→ Task instructions: Please produce an exact copy of only the lines from the one with "Oster-Charity-Aktion" through the last one of the material, without pictures.
◆ ◆ ◆ ◆ ◆
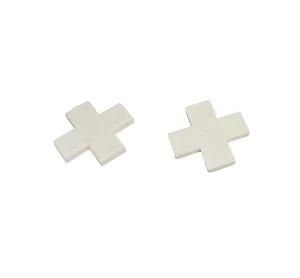 CROSSES FOR TILES 10MM (50)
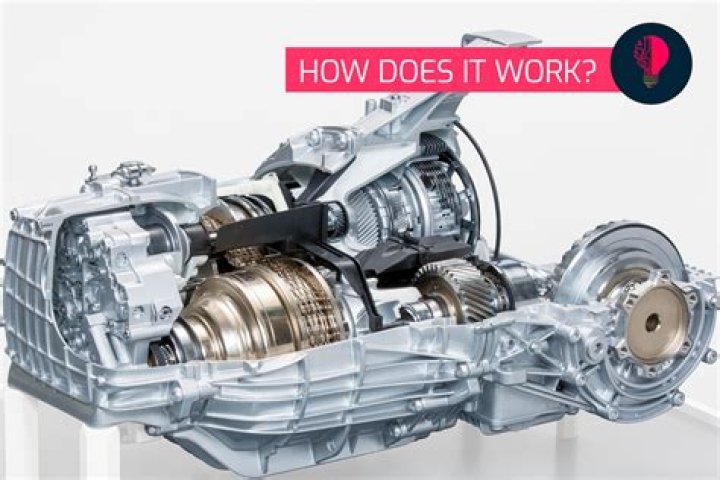 What is a CVT like to drive?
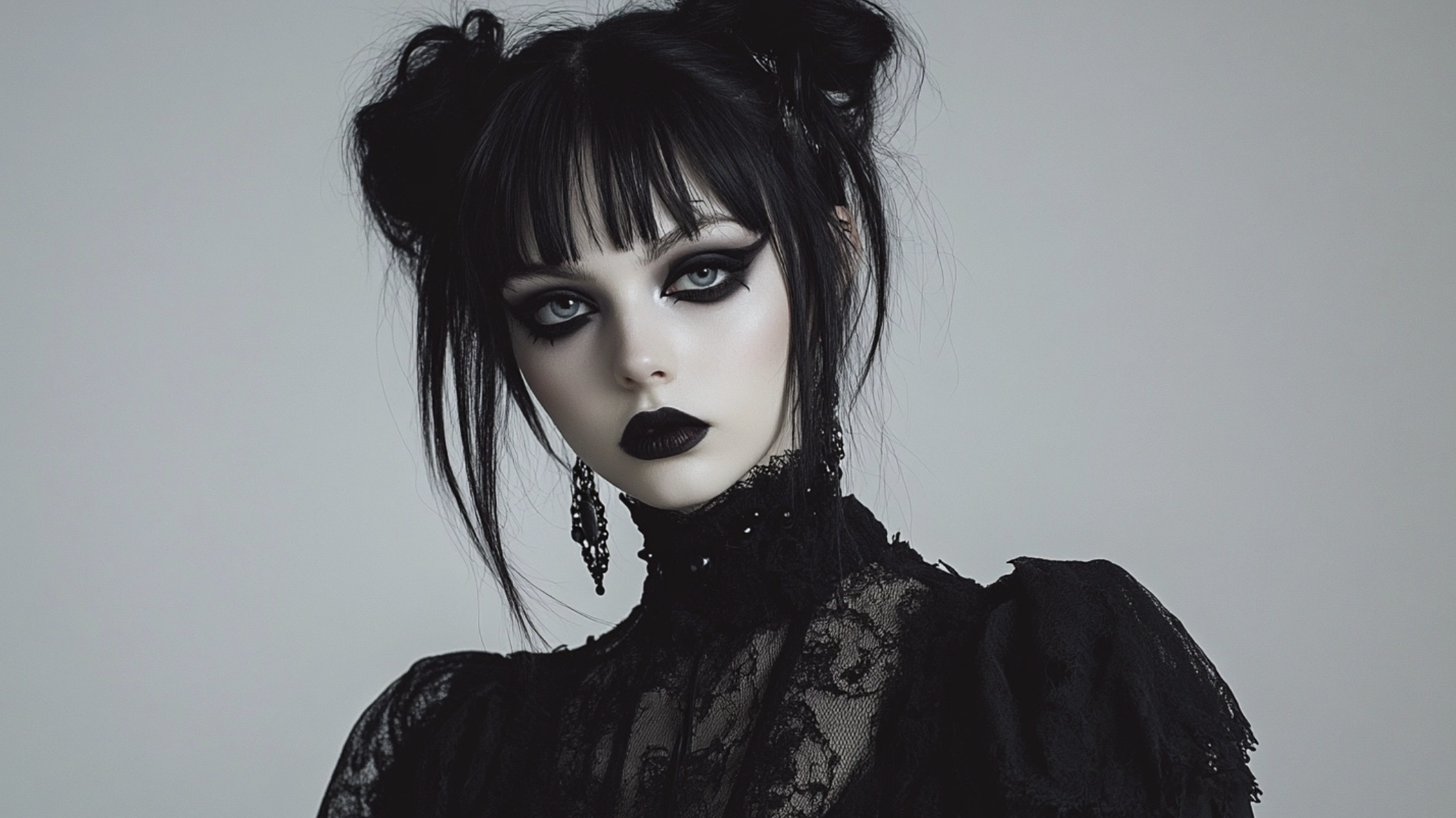 Lolita Goth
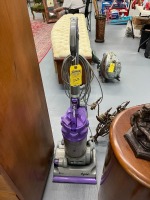 Dyson Vacuum Cleaner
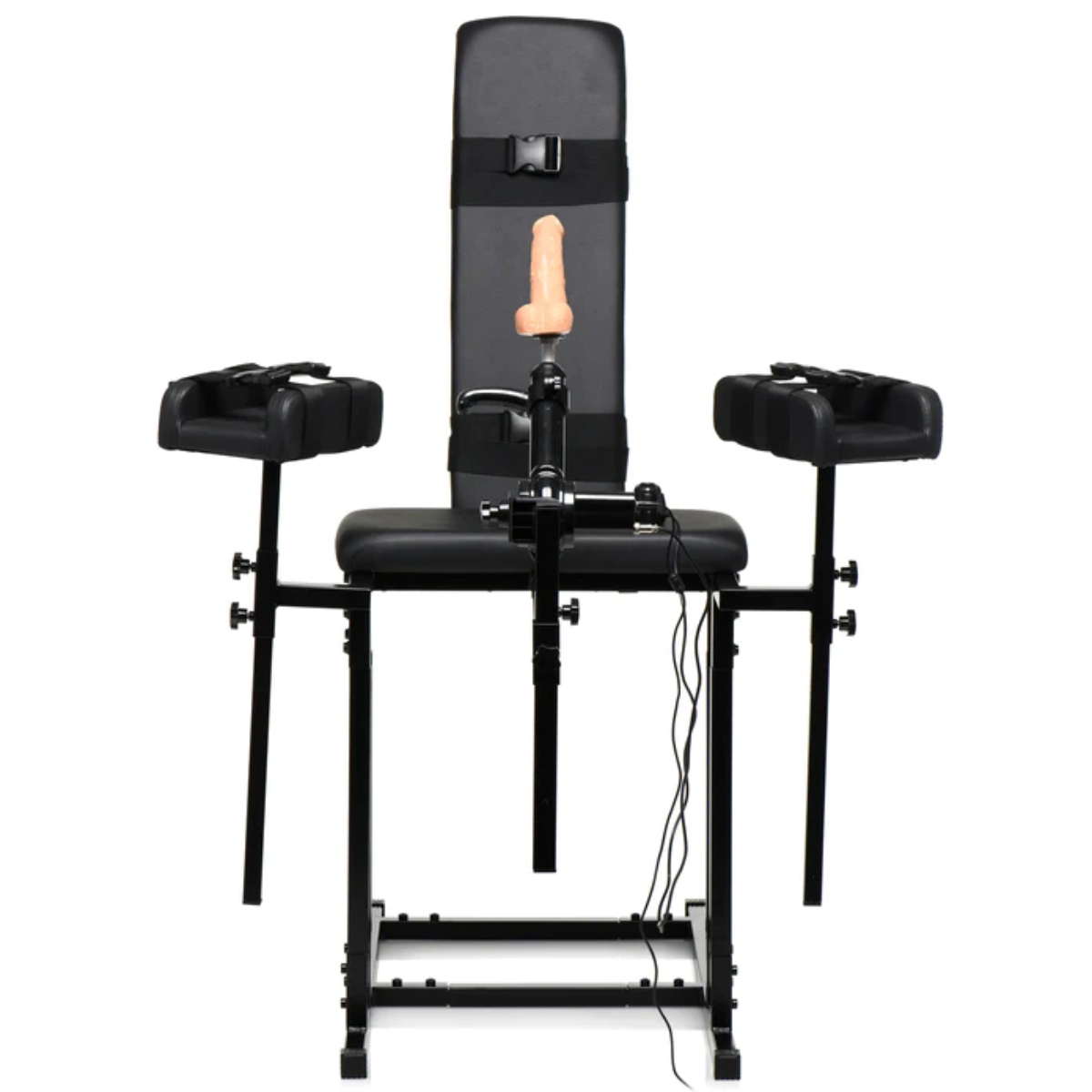 MASSIVE SALE !!!!!!!

Master Series Ultimate Obedience Chair with Sex Machine

Was £1099.95 NOW ONLY £649.95 while stocks last.

tinyurl.com/247mt5sk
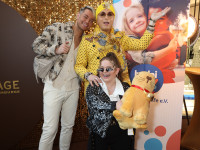 Oster-Charity-Aktion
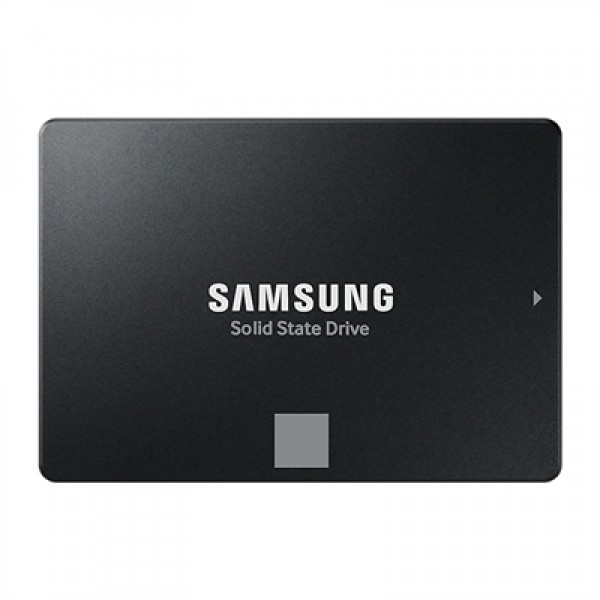 Samsung 870 evo ssd 250gb 2.5" sata3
◆ ◆ ◆ ◆ ◆
→ Task response:
 Oster-Charity-Aktion
 Samsung 870 evo ssd 250gb 2.5" sata3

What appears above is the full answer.